Chad Lester is an extremely successful megachurch pastor who secretly sleeps with as many women as he can (literally) get his hands on. Most of the church leadership knows (or has participated!), but life keeps humming merrily along with all the indiscretions, to quote Alanis Morissette, under rug swept. That is, until Chad gets accused of probably the one thing of which he’s totally blameless–a tryst with an underage male. The accusation is the first snowflake of an ever-growing snowball of revelation in which almost all parties (including the guilty, the victims, the ambulance chasers, and the news media) end up with something unexpected. Wodehouse’s influence is unmistakable.
It’s fitting that Douglas Wilson has written a book on wordsmithing (my review here), because in Evangellyfish he walks the talk.

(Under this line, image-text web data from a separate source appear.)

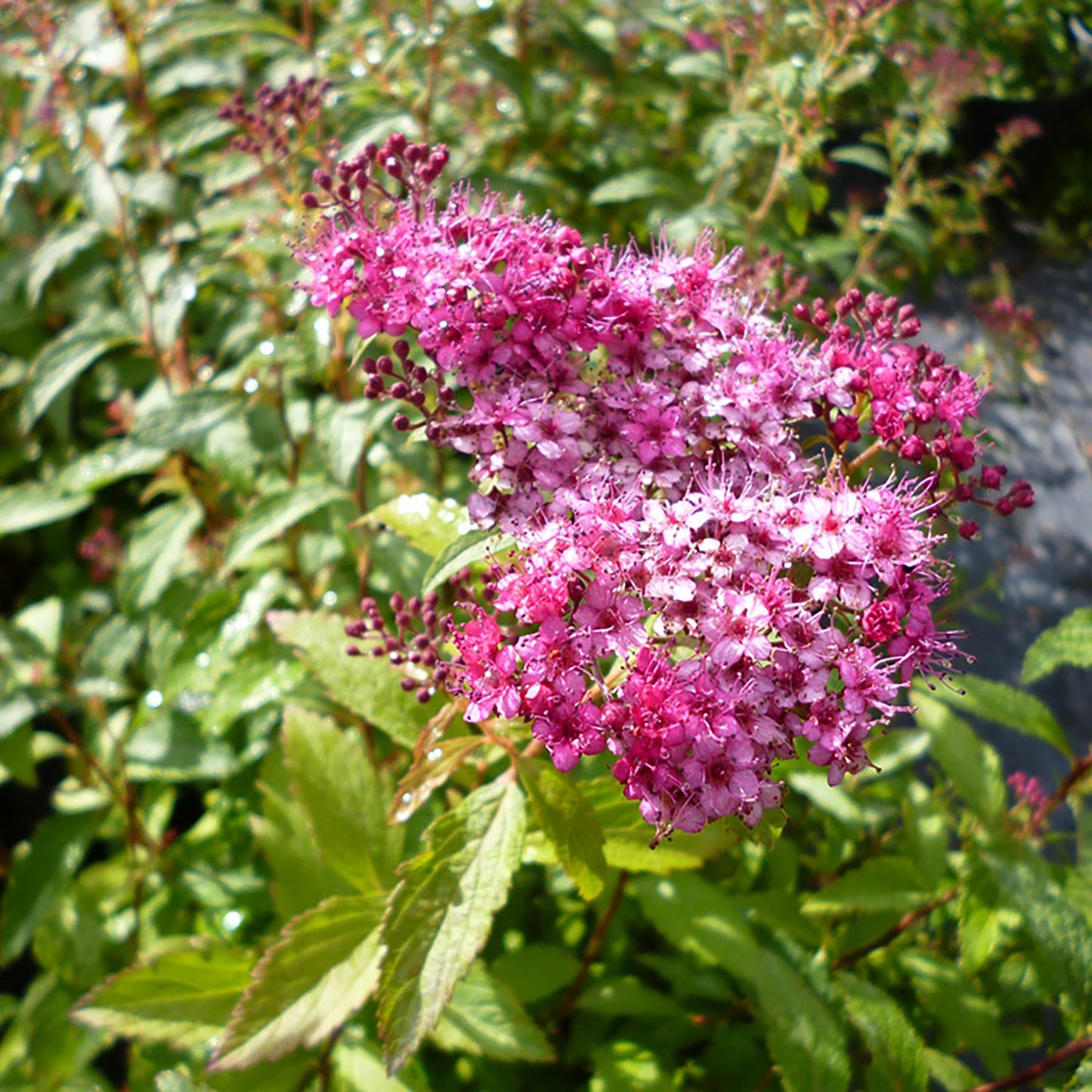 Dart's Red Spirea 2 Gallon / 1 Plant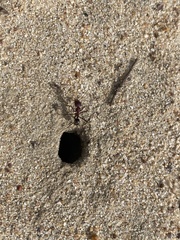 Iridomyrmex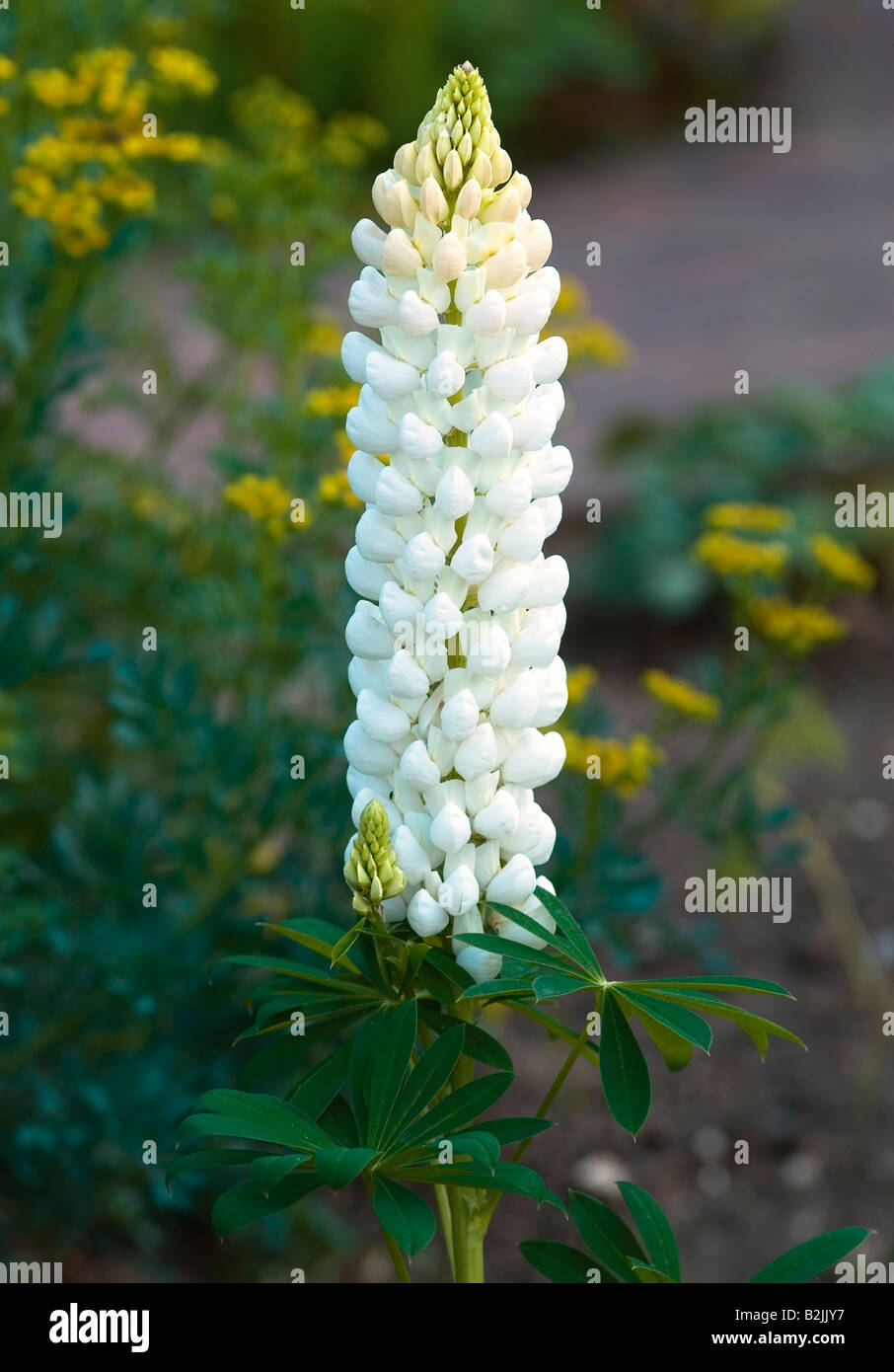 LUPINUS REGALIS BAND OF NOBLES SERIES LUPIN Stock Photo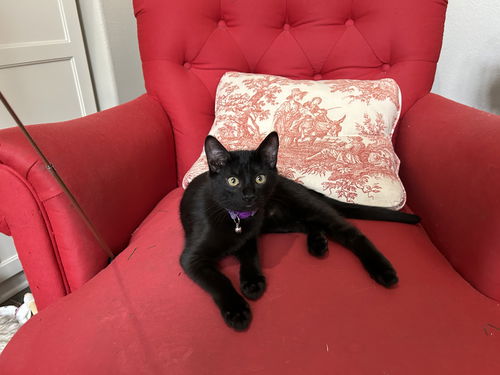 picture of the cat needing adoption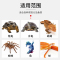 爬虫加热垫爬宠乌龟蜥蜴守宫蛇温控刺猬仓鼠宠物加热片加温保温片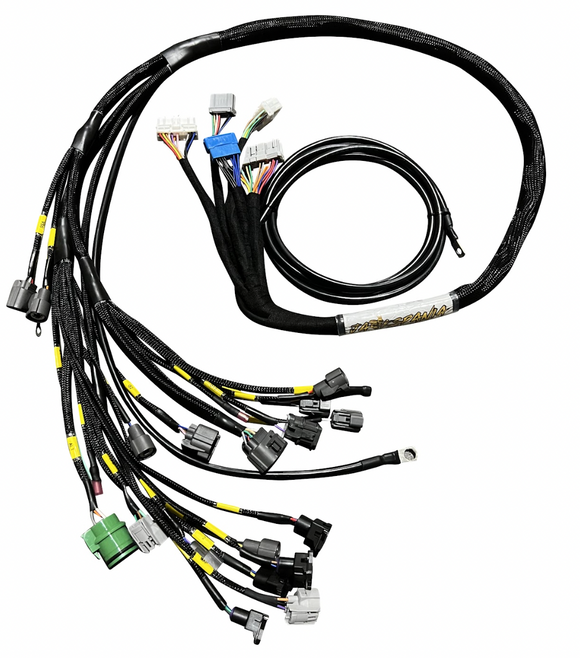 B D H F Series Tucked Engine Sub Chassis Harness OBD1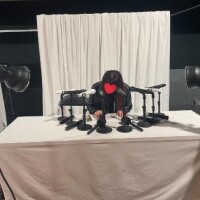 謝罪会見からはじまります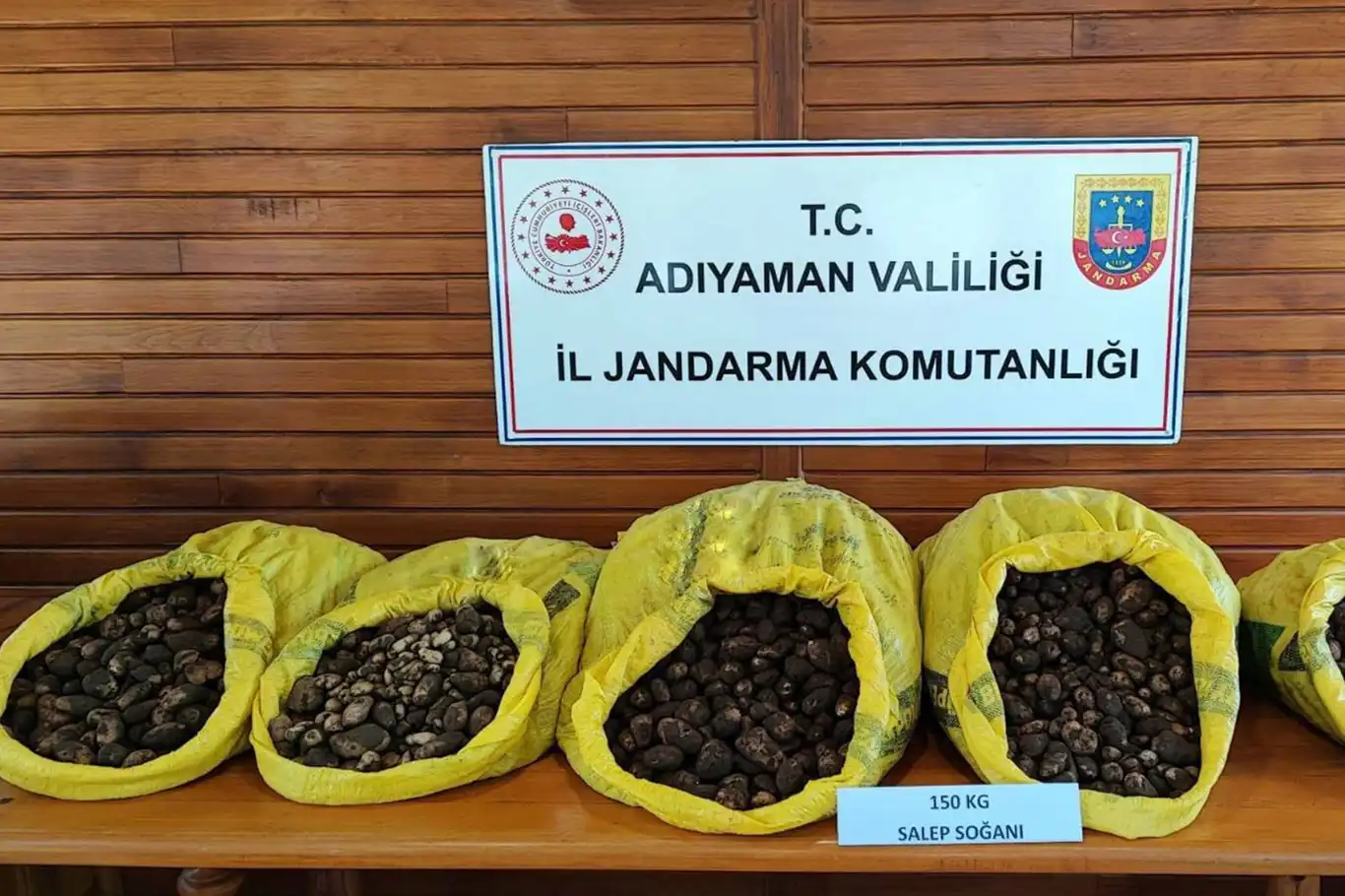 Salep soğanı toplayan şahıslara rekor para cezası Salep soğanı toplayan şahıslara rekor para cezası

This very short book (I read it in one 24-hour period) adroitly skewers every sacred cow in the evangelical sub-culture–from megachurch pastors whose sexual exploits give entirely new meaning to the term “laypersons,” to the pious and whitewashed tombs of the conjoined church, Christian school, and crisis pregnancy center–yet it stands on its own storytelling merits. Wilson’s writing is at its best–clever, hilarious, hard-hitting and unashamedly true. It avoids being acerbic and remains, ultimately, an edifying work for all the tearing down it does.
This book is written from within the evangelical world to the evangelical world. Non-evangelicals (or those who aren’t familiar with the sub-culture) won’t get half the jokes or grasp how bold Wilson’s skewering is.